As I was working on this post I asked Brian if I should title it “How to Inspire Confidence as a Babysitter” or “Babysitting Bloodbath.” I went with the former, but the fact that both were appropriate titles is innately concerning, no?
Let me set the scene: Last Friday some friends from our prenatal class asked me to babysit their little boy so that they could have a rare date. I like this couple, and I like their baby, and I had no plans so why not? Why not. I am the mother of a toddler, after all. I’m not some mother of a newborn who can’t manage her shit. The sky’s the limit, I thought, when it comes to my ability to monitor my own child and countless other children simultaneously. Ok one other child simultaneously. This should be no problem, I said to myself. Practice for when Nolan has a sibling.
I was confident. I was Maria Von Trapp minus five of the children and the Nazis.
It turns out my confidence was unwarranted. One thing I hadn’t taken into account was the fact that Nolan’s newfound mobility makes monitoring him a completely different experience than it had been for the first 14 months of his life. During those earlier months, monitoring him was akin to monitoring a Honey Baked Ham. Little movement, delightfully sweet smell. Now he is a ham balancing on tiny little Geisha feet with zero sense of gravity, balance or personal safety. I don’t think I have to spell out that that’s the very worst type of ham.
Anyway. Before the appointed babysitting hour I was rushing around trying to get cleaned up so that when my friends arrived they would feel good about leaving their most precious cargo with me. I was the picture of competence, by which I mean that I was wearing pants and not pajamas, and that the house wasn’t on fire.
Unfortunately for me, Nolan decided he wanted to do some last minute primping in the bathroom at the eleventh hour. Fine, I said. Fine. I understand the need to look good for guests, even if I don’t act on it. So could I really blame my son for wanting to put his best foot forward? I could not. But could I blame my son for not knowing how to put one foot forward in front of the other in a pattern (popularly called “walking”)? Yes I could.
Nolan is both new and terrible at walking. It’s his passion and yet….and yet he sucks at it. He falls somewhere between 10,000-20,000 times an hour. He cannot yet stand up OR sit down on his own (WTF?!) but once on his feet he is able to run like a drunken colt navigating an ocean liner that has hit massive swells. He’s a kamikaze with vertigo and legs made of dough.
So it should have come as no surprise that mere moments before our guests were slated to arrive, Nolan torpedoed his way headfirst into our toilet lid (I think he was running toward the hairdryer for a last minute blow out and missed).
I heard the now familiar THWAK and subsequent yelp. My motherly instincts kicked in (yes, I know that they didn’t kick in when they should have, which was before he torpedoed into a toilet). I ran to my child and scooped him up into my arms. He melted into me, seeking comfort in my bosom. Ok not exactly, but I’m creating a warm picture of domestic love for you. I cuddled my baby, trying to calm down his sobs before the doorbell rang, which I knew would be happening any second.

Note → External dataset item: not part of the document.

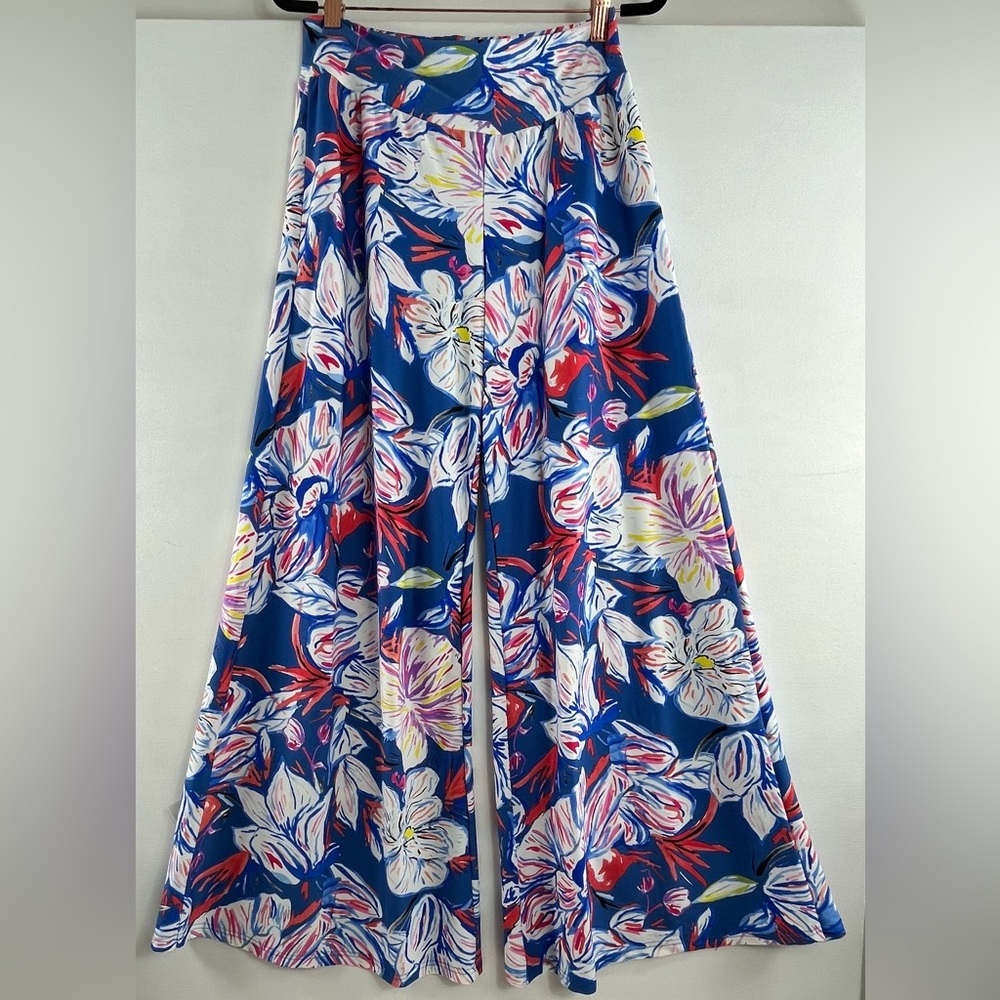 LTX Sportswear Women’s Floral Wide Leg Boho Pants Sz M Stretch Palazzo Style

I pulled my little Nolan off of me to give him a kiss, and then WHAT?!?! I was staring into the face of an episode of CSI. Nolan’s face was covered in blood, his onesie a veritable crime scene. And because I had ever so maternally cradled him, so was my sweater. There we were, Madonna and Child in a Bloodbath. It was gross. And not only was it gross, but I am willing to venture a guess that seeing both the baby and babysitter covered in blood is not the best way to inspire confidence in one’s ability to provide adequate supervision.
The wound itself was a simple bit lip, the actual damage to my child minimal. But the damage to our credibility? You be the judge.
The doorbell rang within 2 minutes of the carnage, which was not enough time for me to change either of our outfits. I was forced to answer the door looking like an extra from The Sopranos, and quickly excused myself to go change my shirt, since I figured the longer I sat there chatting caked in blood the less likely I was to be allowed to babysit.
Next time I get a babysitting gig (Which, can we just pause here a minute? I have a masters in social work. I’m 35 years old. And I’m scoring babysitting gigs on the side now? Good Lord) I will make sure that for at least 30 minutes beforehand I keep Nolan and his little yarn legs in a padded room. We cannot suffer this embarrassment again.
To sum up: not only can I not confidently manage TWO children, I cannot confidently manage ONE child.
In Other News
This series of photos of Nolan and his friend Carys cracks me up! I posted a few of these on Facebook the other day, but here is the full display. I like to call it “Aggressive Baby Love.”
Aggressive Baby Love
Also, on a totally unrelated note, I bought a treadmill! Some of you might recall that a few months ago I wrote a post called The Battle of the Bulge questioning if it was really worth it to try to get in shape when we want to have more kids and I know I’ll be letting myself go all over again when that happens. People had a LOT to say about that, mainly: “Get in shape you lazy slug!” And I myself have come to the same conclusion after an extended period of sloth. I’ll probably put together a series of fitness videos featuring Nolan and me doing some light treadmill dancing in matching mother/son spandex soon.